Newbie to lightroom help please!

actionward

Senior Member
Morning fellow Nikonites,

I am new to using Lightroom and I want to restore a old picture of my late Grandfather so I can have it framed for a family member. The picture has been scanned directly from a book as we were unable to get the original. The paper was a rough/corrugated type. I want to get it into the best shape possible before printing it.

Can anyone recommend and please give me some tips on the best way to do this.

Many thanks ;)
Screen Shot 2014-06-06 at 10.01.30.jpg
 

sonicbuffalo_RIP

Senior Member
I don't know if you can do that with Lightroom. I am fairly new to Lightroom but haven't seen anyone else on here trying to do the same thing. What format do you have the picture stored in? I'm assuming .jpg If that's the case, what exactly do you want to do to the picture?
 

nickt

Senior Member
I am no expert, but I'm curious what the more experienced guys here say. This is what I did:
Exposure -.5
Contrast +7
Highlights -33
Clarity +60
Sharpness +70
Masking 80
Luminance 70

Also, I would straighten it a hair and fix that spot on the roof between the two columns on the right. You should be able to do better with the original scan. Mine is probably a little too contrasty now that I look at it.
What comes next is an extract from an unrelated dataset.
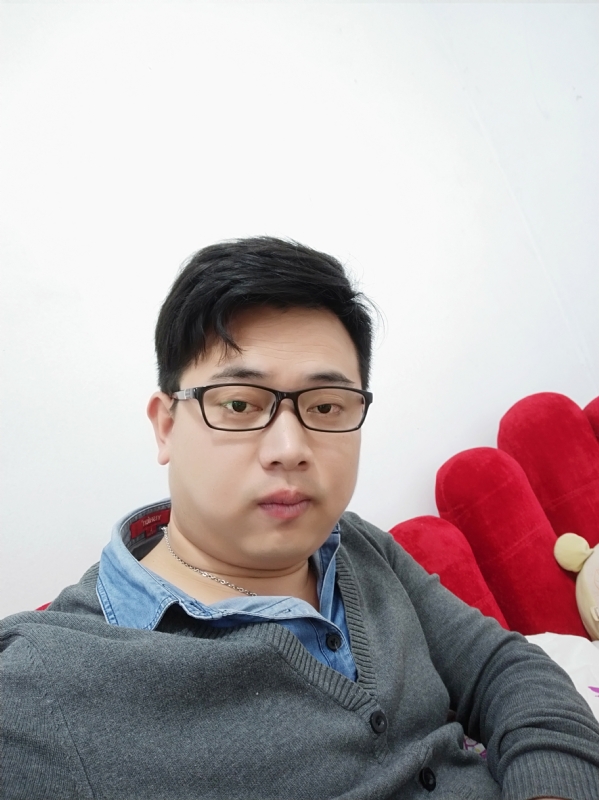 何必在亿的第一张照片--马尾交友网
Screen Shot 2014-06-06 at 10.01.30-2.jpg
 
Last edited:

FastGlass

Senior Member
I never tried to fix a scanned photo but this looks pretty good. Didn't think you could do an awefull lot with it being it's not a RAW image. Learn something new everyday.
 

nickt

Senior Member
I'm glad I've learned something. Chris, the settings are in the post, I just imported and started sliding. Luminance under noise reduction, I believe, is what best gets rid of the grain.
 

hark

Administrator
Staff member
Super Mod
I am no expert, but I'm curious what the more experienced guys here say. This is what I did:
Exposure -.5
Contrast +7
Highlights -33
Clarity +60
Sharpness +70
Masking 80
Luminance 70

Also, I would straighten it a hair and fix that spot on the roof between the two columns on the right. You should be able to do better with the original scan. Mine is probably a little too contrasty now that I look at it.

View attachment 93596

Really nice job with this, nick! I think the contrast comes from the Clarity slider being up high especially on their faces. From working on student theater photos, I found the kids' faces took on this same type of high contrast from setting the Clarity slider too high. What about turning it down for the overall photo then using the brush (is that what's it is called?) to select the non-people areas and adding in more Clarity. That way it can be used selectively.
 

BackdoorArts

Senior Member
Nice, Jake! More pleasing to the eye. I'll load the preset too, so I can learn something from it.

A lot more playing around with the highlight, shadow, white and black sliders to find a balance without blowing anything out. It was a weird texture to try and smooth while retaining crispness in the features of the players.